TOKYO – Fujitsu Limited and Carnegie Mellon University today announced the development of a new technology to visualize traffic situations, including people and vehicles, as part of joint research on Social Digital Twin that began in 2022. The technology transforms a 2D scene image captured by a monocular RGB camera(1) into a digitalized 3D format using AI, which estimates the 3D shape and position of people and objects enabling high-precision visualization of dynamic 3D scenes. Starting February 22, 2024, Fujitsu and Carnegie Mellon University will conduct field trials leveraging data from intersections in Pittsburgh, USA, to verify the applicability of this technology.
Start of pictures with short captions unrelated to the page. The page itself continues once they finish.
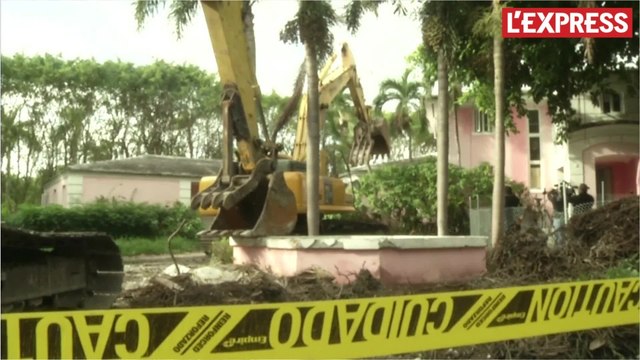 Un coffre découvert puis volé dans une ancienne villa de Pablo Escobar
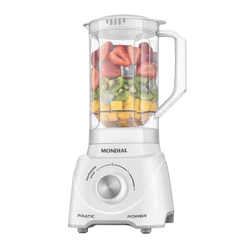 Liquidificador Mondial L97W 2 Velocidades + Pulsar 550W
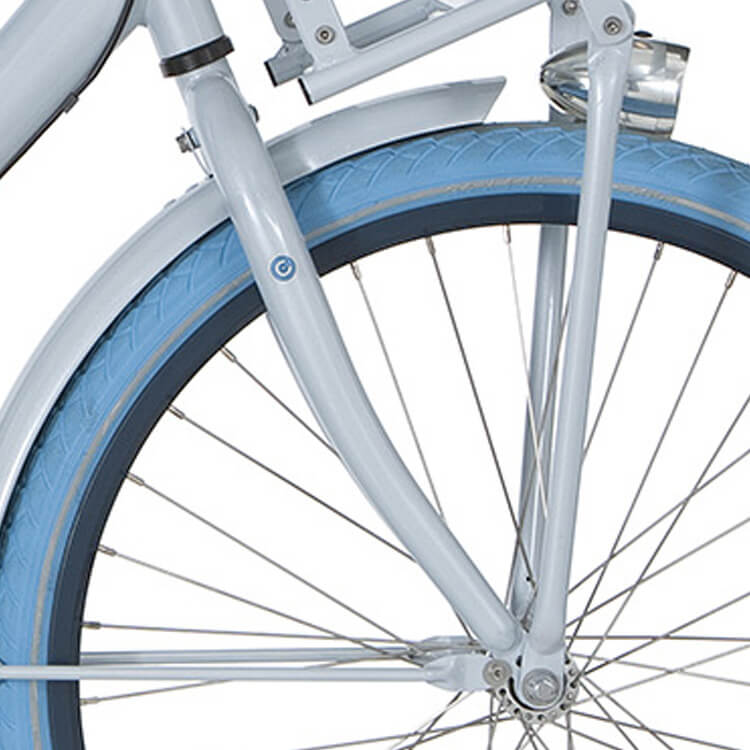 Cortina Voorvork 24 U4 Meisjes RB parelgrijs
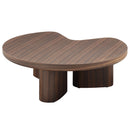 Yoab - Coffee Table - Smoked Oak by Unique Piece Furniture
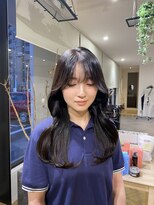 テラバイルヴェール 各務原(TERRA by LeVert)&nbsp;韓国レイヤーカットヨシンモリショコラブラウン
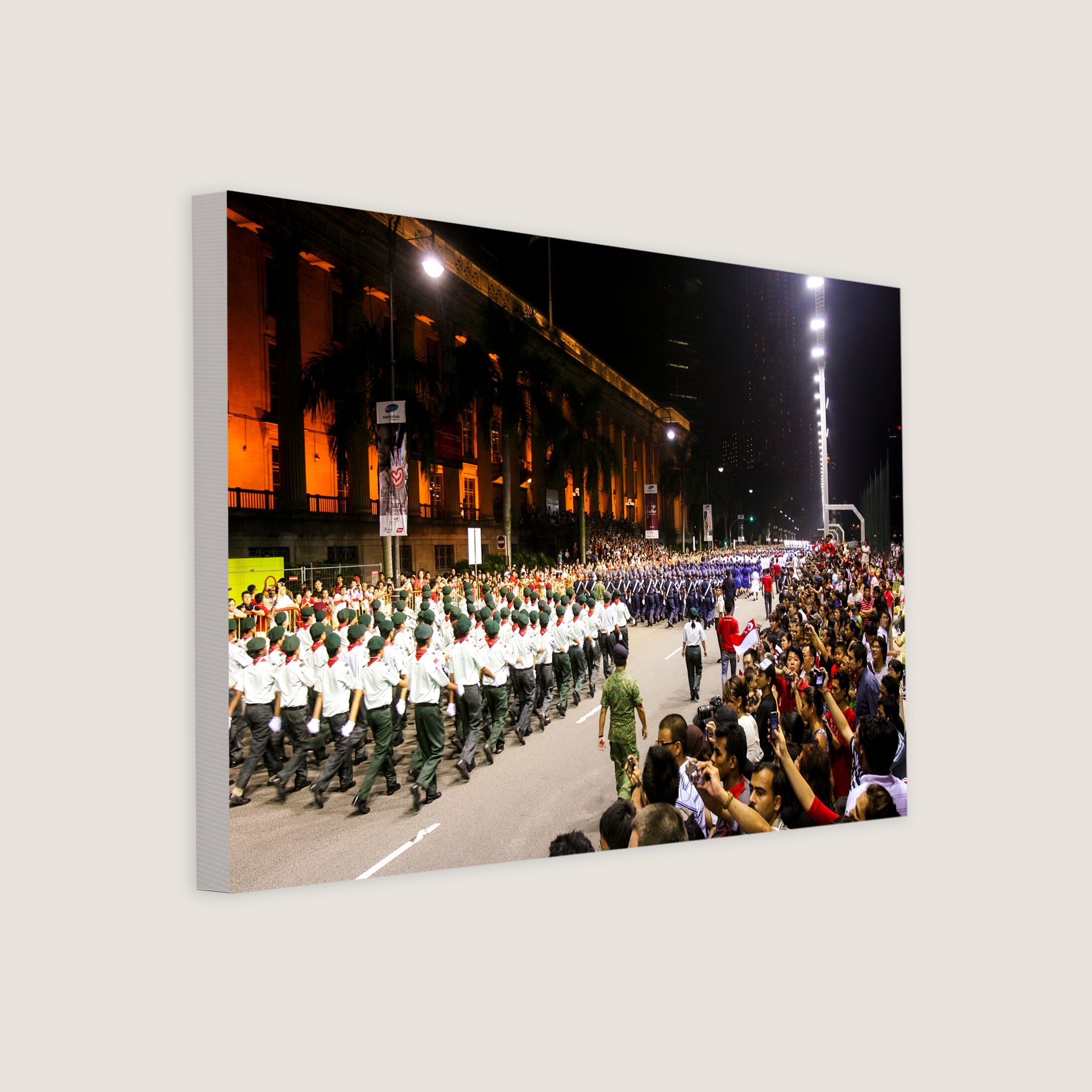 City March-Past 2009 Canvas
This technology relies on AI that has been trained to detect the shape of people and objects through deep learning. This system is composed of two core technologies: 1) 3D Occupancy Estimation Technology that estimates the 3D occupancy of each object only from a monocular RGB camera, and 2) 3D Projection Technology that accurately locates each object within 3D scene models. By utilizing these technologies, images taken in situations in which people and cars are densely situated, such as at intersections, can be dynamically reconstructed in 3D virtual space, thereby providing a crucial tool for advanced traffic analysis and potential accident prevention that could not be captured by surveillance cameras. Faces and license plates are anonymized to help preserve privacy.
Going forward, Fujitsu and Carnegie Mellon University aim to commercialize this technology by FY 2025 by verifying its usefulness not only in transportation but also in smart cities and traffic safety, with the aim of expanding its scope of application.
Background
In February 2022, Fujitsu and Carnegie Mellon University’s School of Computer Science and College of Engineering began their joint research on Social Digital Twin technology, which dynamically replicates complex interplays between people, goods, economies, and societies in 3D. These technologies enable the high-precision 3D reconstruction of objects from multiple photographs taken from videos shot from different angles. However, as the joint research proceeded, it was found that existing video analysis methods were technically insufficient to dynamically reconstruct captured images to 3D. Multiple cameras were required to reproduce this, and there were issues with privacy, workload, and cost, which became a barrier to social implementation.
To address these issues, Fujitsu and Carnegie Mellon University have developed a technology that reconstructs a dynamic 3D scene model even when an object is photographed from a stationary monocular RGB camera, without combining images shot simultaneously by multiple cameras.
About the technology development:
This system consists of the following two core technologies.
1) 3D Occupancy Estimation Technology:
This technology leverages deep learning networks, which take multiple images of a city taken from various angles and distinguish the types of objects such as buildings and people reflected in the images. By using this model, even a single image of a city from a monocular RGB camera can be expressed as a collection of Voxels(2) in 3D space, including categories such as buildings and people. Such voxel representation of real world along with object semantics gives a detailed understanding of the scene to analyze occurrence of events. In addition, our method enables accurate 3D shape estimation of areas that are not visible in the input image.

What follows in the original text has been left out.